#### INPUT DATA

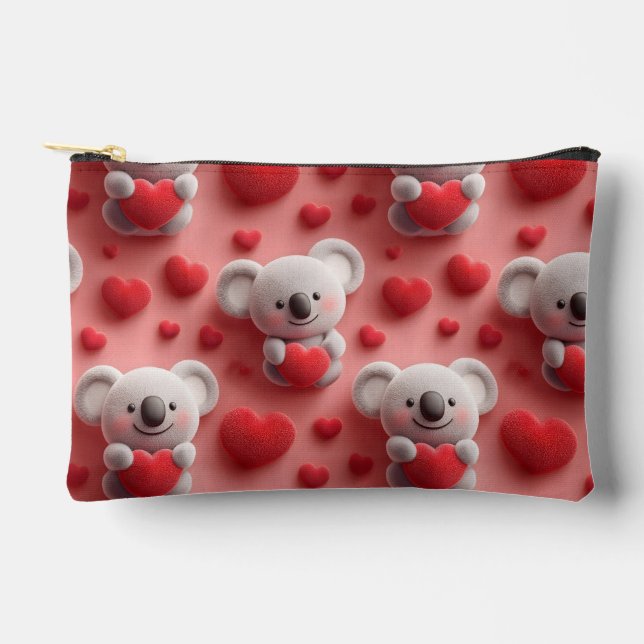 3D Fluffy Koala and Heart Seamless Pattern Zubehörtasche (Vorderseite)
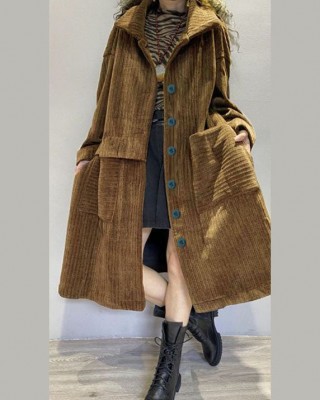 Chic Coffee Pockets Button Corduroy Loose Fall Long sleeve Coats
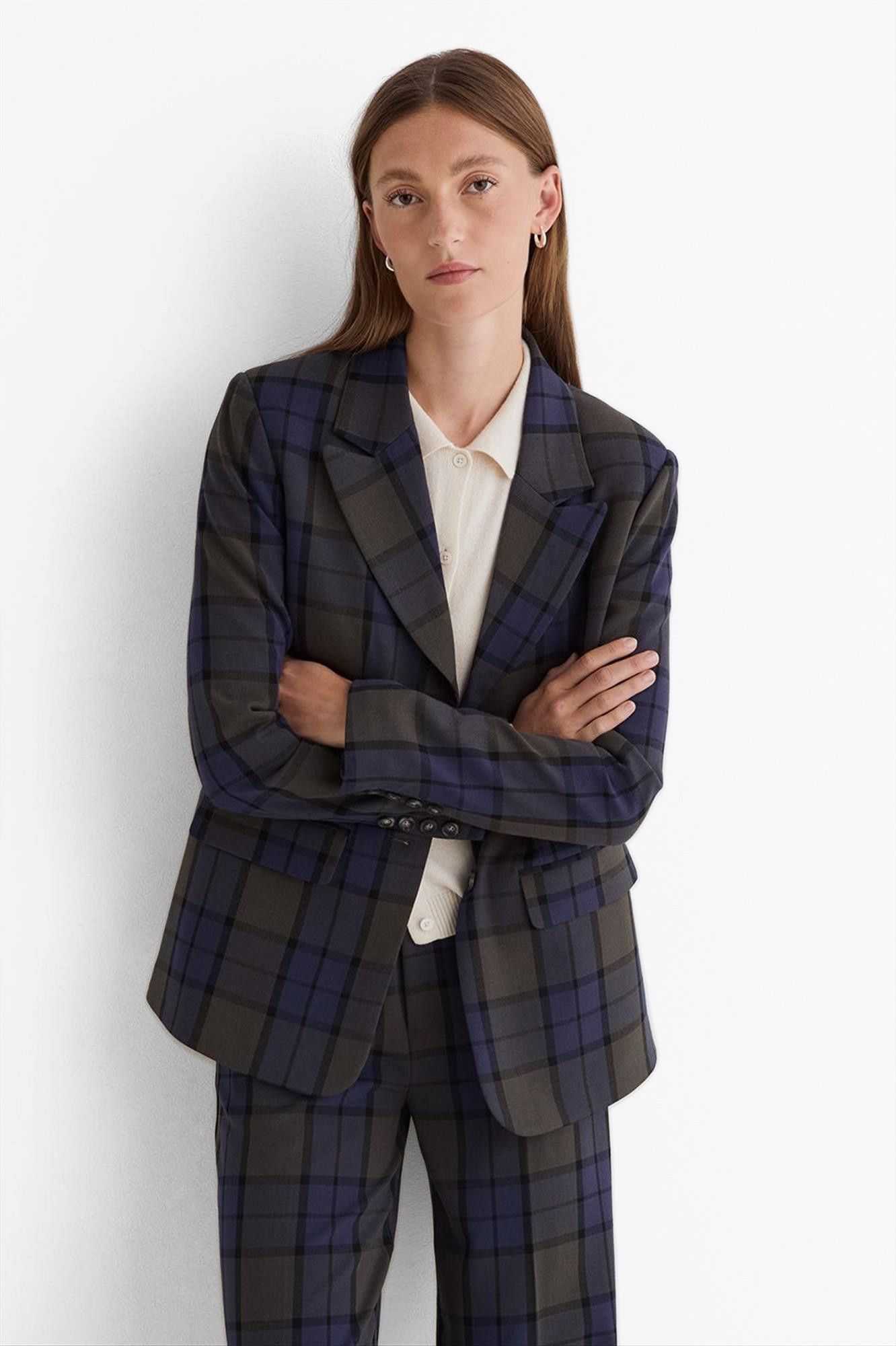 YERSE - Donkergroen-Donkerblauwe Check blazer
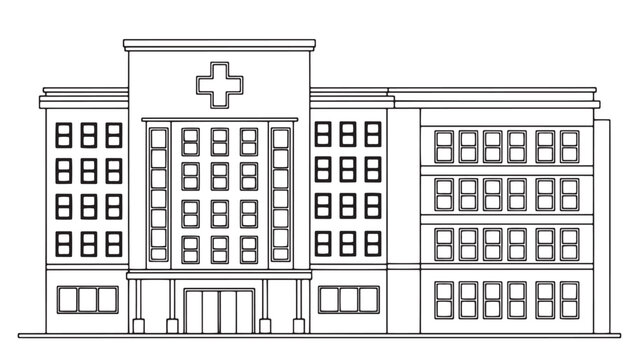 Detailed Black and White Line Art Illustration of a Modern Hospital Building with a Prominent Medical Cross Symbol and Multiple Windows.
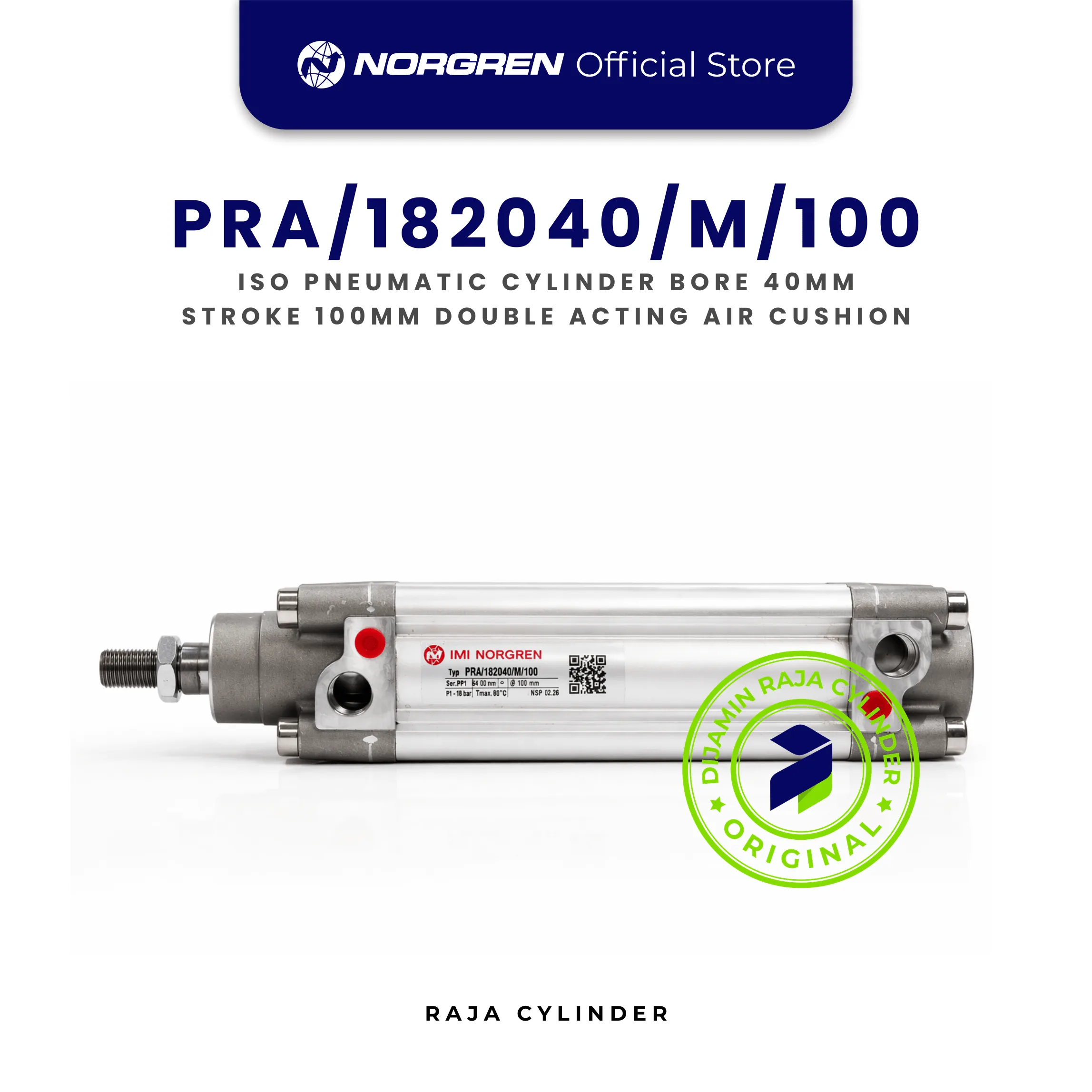 NORGREN PRA/182040/M/100 ISO Pneumatic Cylinder Original Double Acting Air Cushion Bore 40mm Stroke 100mm with magnet - Gambar 3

#### PROBLEM
All of the material above should be output exactly, with the pictures left behind.

#### REPLY TO THE TASK
 3D Fluffy Koala and Heart Seamless Pattern Zubehörtasche (Vorderseite)
 Chic Coffee Pockets Button Corduroy Loose Fall Long sleeve Coats
 YERSE - Donkergroen-Donkerblauwe Check blazer
 Detailed Black and White Line Art Illustration of a Modern Hospital Building with a Prominent Medical Cross Symbol and Multiple Windows.
 NORGREN PRA/182040/M/100 ISO Pneumatic Cylinder Original Double Acting Air Cushion Bore 40mm Stroke 100mm with magnet - Gambar 3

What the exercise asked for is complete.